Quick Review: I’ve owned a few tripods over the years, but I have to say that this set of legs are the best I have used, by far! They are tough, easy to operate and even easy to clean. They extend pretty tall, even for a tall guy like me, but still fold up shorter than most other tripods in this class. I like that the legs bold back 180 degrees which has helped protect my ballhead from banging against things while hiking. I like the twist-locks better than the flip-locks, even though they are not as frustration-free as I had hoped they would be. I did lose a few of the rubber feet off the bottom of the legs and had an issue with the angle locks at the top of the legs not staying in place, but Feisol was quick to respond to these issues and repaired them under warranty. They even repaired it quickly and sent it back via 2-day shipping so that I could have it in time for a trip. Definitely some of the best customer service that I have dealt with. I will be using some glue or epoxy to keep the rubber feet in place this time. This is another item I would highly recommend to outdoor nature and adventure photographers out there.

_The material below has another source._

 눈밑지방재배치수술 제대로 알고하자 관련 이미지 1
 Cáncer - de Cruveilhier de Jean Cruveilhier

To sum things up, I am very please with this complete setup. It’s light weight, sturdy, easy to use, rugged and meets all of my requirements. It wasn’t the cheapest option out there, but everything works well together and I can rely on it in the field when I am trying to make images in harsh conditions. As you can see, the tripod also makes for a nice hat rack at camp! 😉

Peekaboo Camp

I hope this information is helpful to some of you out there, and if you have any questions, please feel free to leave a comment below and I’ll do my best to answer them.

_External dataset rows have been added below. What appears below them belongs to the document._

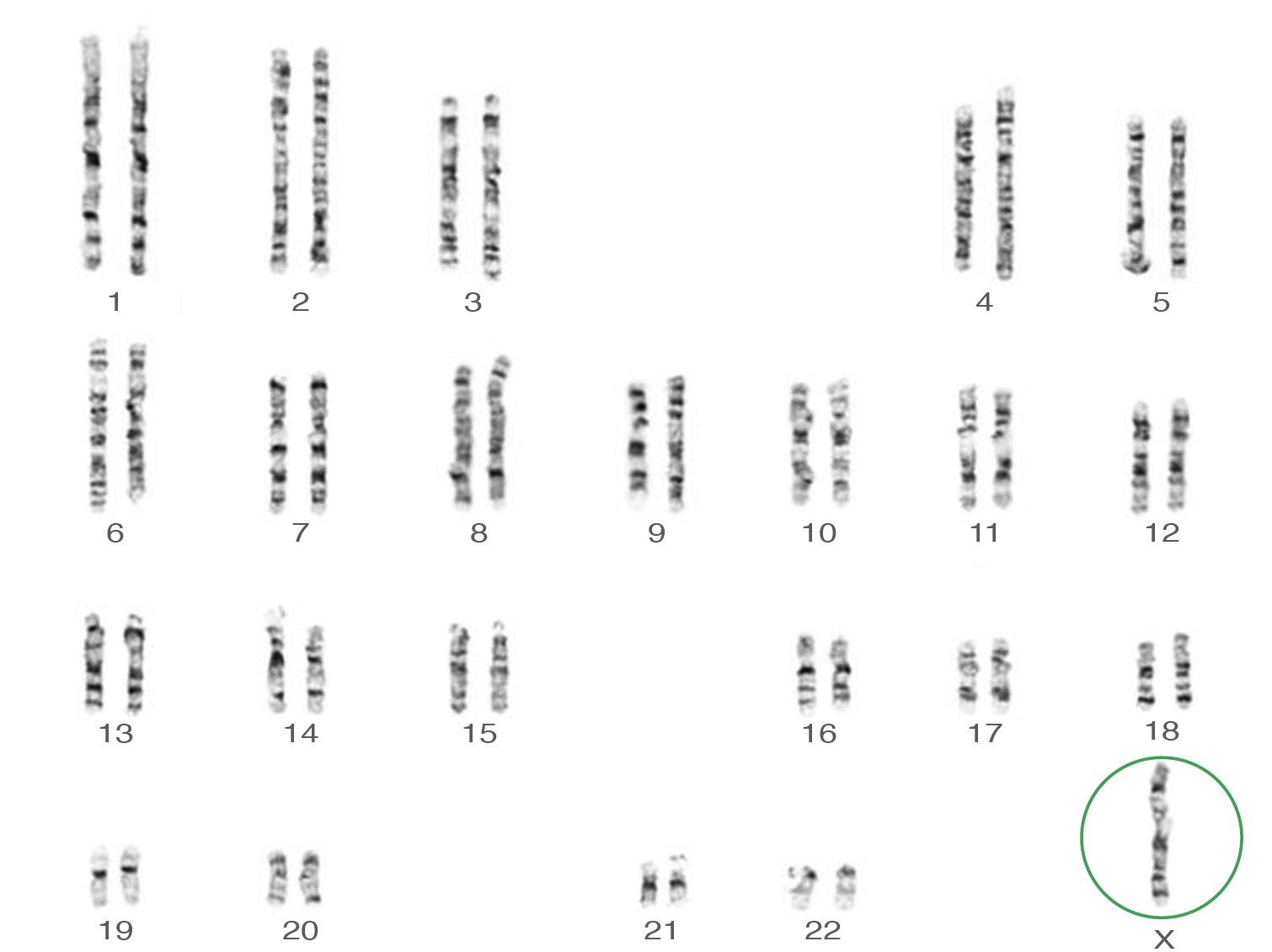 Caryotype de la Monosomie X (45,X)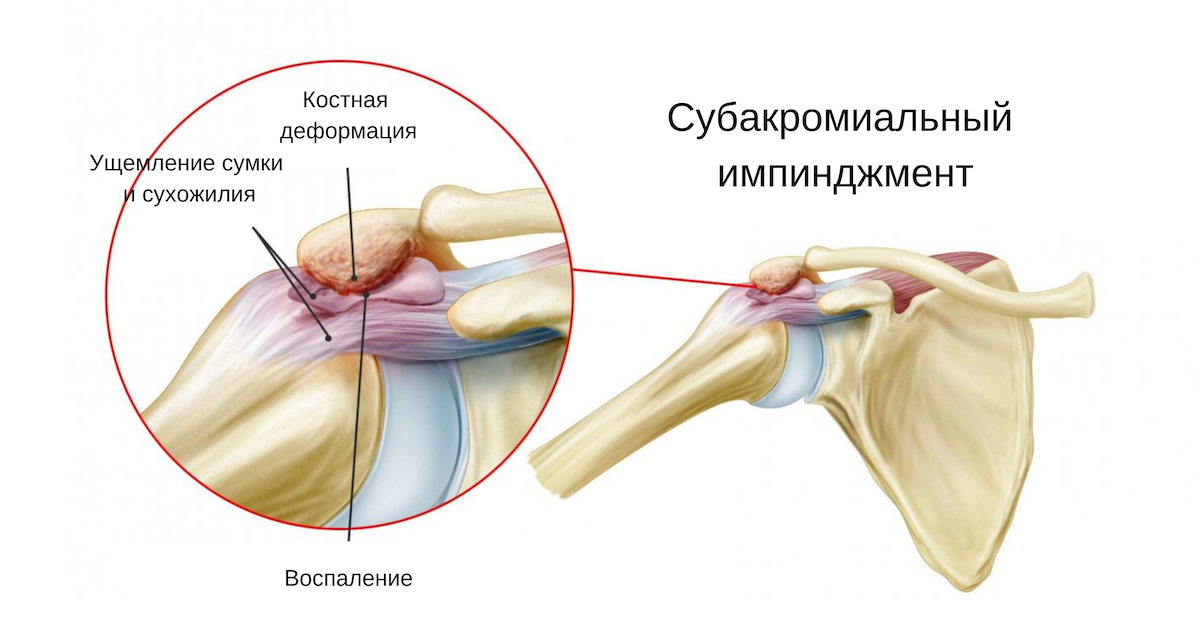 Внутренний импинджмент-синдром плечевого сустава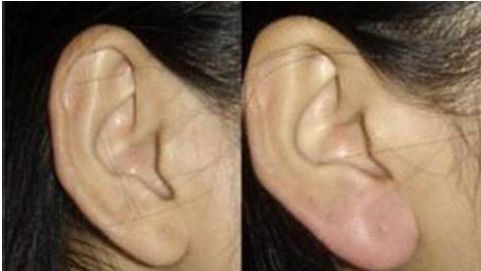 河南耳朵再造醫(yī)院排名榜單：鄭州南陽(yáng)最佳耳部整形醫(yī)院盤點(diǎn)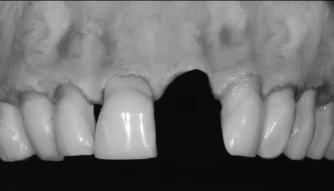 Bone Regeneration in the Anterior Sites - From Small to Large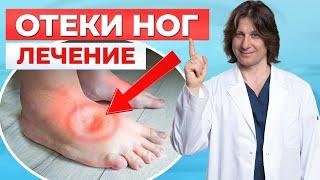 Что делать, если отекают ноги? 5 причин и способы лечения отека ног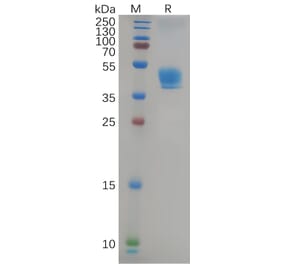 SDS-PAGE - Recombinant Human CCR9 Protein (Fc Tag) (A317965) - Antibodies.com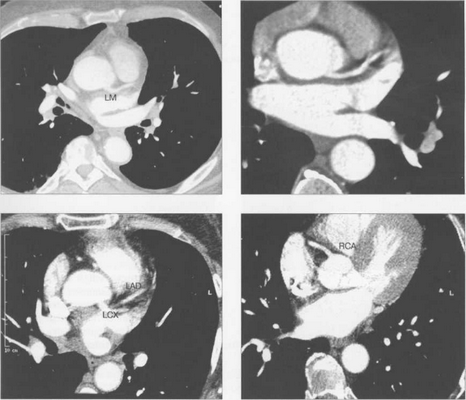 МСКТ-коронарограммы. Поперечные срезы.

6 Responses to “Building My Perfect Backcountry Tripod”

  • Bret Edge Says:

    Great post Randy, especially the bit about price not playing into the equation. With most photography gear, especially tripods and ballheads, if you pay a little more you’ll get many more years of use and enjoyment out of the equipment. I think almost every one of us started out with a crappy drug store tripod. It doesn’t take long to realize that they just aren’t suitable for any kind of work in the field. I’ll also echo your sentiment re: Acratech ballheads. I’ve used one for over 8 years now and they are absolutely bombproof. Very smooth action, well built, rock solid and Acratech provides some of the best customer service in the industry.

  • Richard Wong Says:

    Great recs Randy. I have been looking for a better solution than the Manfrotto plates too and might go with your L bracket suggestion. Is the bracket compatible with the Manfrotto ballheads or do I need a special ballhead to fit it on?

  • David Kingham Says:

    If I were starting over, this is the exact setup I would go with. I’m also very tall at 6’4″ so I went with the gitzo GT3541XLS, it’s a beast that I wouldn’t take backpacking, I have a gitzo traveler for that. But this setup would replace them both, great choices Randy!

  • Randy Langstraat Says:

    Richard, you will need an Acra-Swiss compatible head, which are common, but they are not compatible with the Manfrotto plate system.

  • Richard Wong Says:

    Thanks for the tip, Randy.

  • Julie Ann Pedalino Says:

    Hello Randy,
    I’m in the midst of researching a tripod setup for my shiny new Canon 6D and found your post to be most helpful. I wasn’t initially expecting to pay quite so much, but I’m starting to realize it makes the most sense to invest in quality upfront.

    This is off topic, but I’m wondering if you mind sharing some details on how you carry your camera while backpacking? I’ve tried on a few of the chest harness style bags and find them to be quite awkward (I’m pretty small, it’s just a lot of bulk to be carrying in front for me!). In the past I’ve attached a top-load style bag to the side of my pack down by my hips. While that setup allowed me to access my camera quickly and without a lot of fuss, attaching it to the hip unbalanced me and caused strain in the joint. Care to share any thoughts?

    I also want to quickly tell you that your photos are astounding and very inspirational! After taking a look at your blog, I’m so motivated to get out there and enjoy this magical planet.